Investing.com – The yen weakened further in Asia on Monday with trade data showing better than expected figures though exports and imports declined notably ahead of a week that will see the Fed and the Bank of Japan comment on monetary policy.
In Japan, the adjusted trade balance came in at a surplus of ¥33 billion, better than the ¥24 billion seen and imports eased 18.8%, less than the 19.7% drop expected and exports fell 7.4%, less than the 11.6% decline seen. The overall trade balance came in at a surplus of ¥693 billion, better than the ¥495 billion expected.
The U.S. dollar index, which measures the greenback’s strength against a trade-weighted basket of six major currencies, was up 0.09% at 97.50.
Ahead this week, investors will look to Wednesday’s highly-anticipated Federal Reserve policy statement for fresh guidance on the pace of interest rate hikes over the next several months and a monetary policy announcement from the Bank of Japan on Friday, amid growing expectations for further stimulus.
Last week, the U.S. dollar rallied to a four-month high against a basket of major currencies on Friday, boosted by the diverging monetary policy outlook between the Federal Reserve and other global central banks.

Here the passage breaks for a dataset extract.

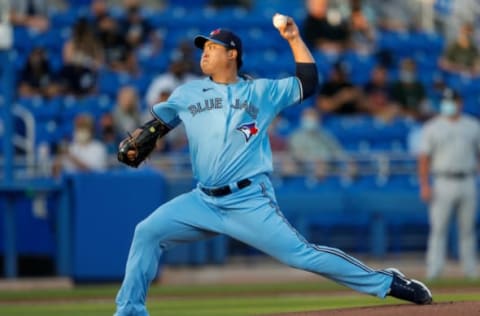 Apr 13, 2021; Dunedin, Florida, CAN; Toronto Blue Jays starting pitcher Hyun Jin Ryu (99) throws against the New York Yankees in the first inning at TD Ballpark. Mandatory Credit: Nathan Ray Seebeck-USA TODAY Sports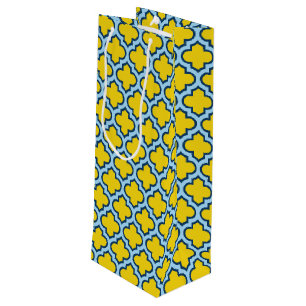 Bolsa Para Vino Rojo azul amarillo y bebé, Entramado, Quatrefoil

A recent string of better than expected U.S. data reignited speculation that the Federal Reserve will raise interest rates before the end of the year. Interest rate futures are currently pricing in a 45% chance of a rate hike by December, compared with less than 20% a week ago and up from 9% at the start of this month.
For this week, data on U.S., U.K. and European second quarter gross domestic product is also due.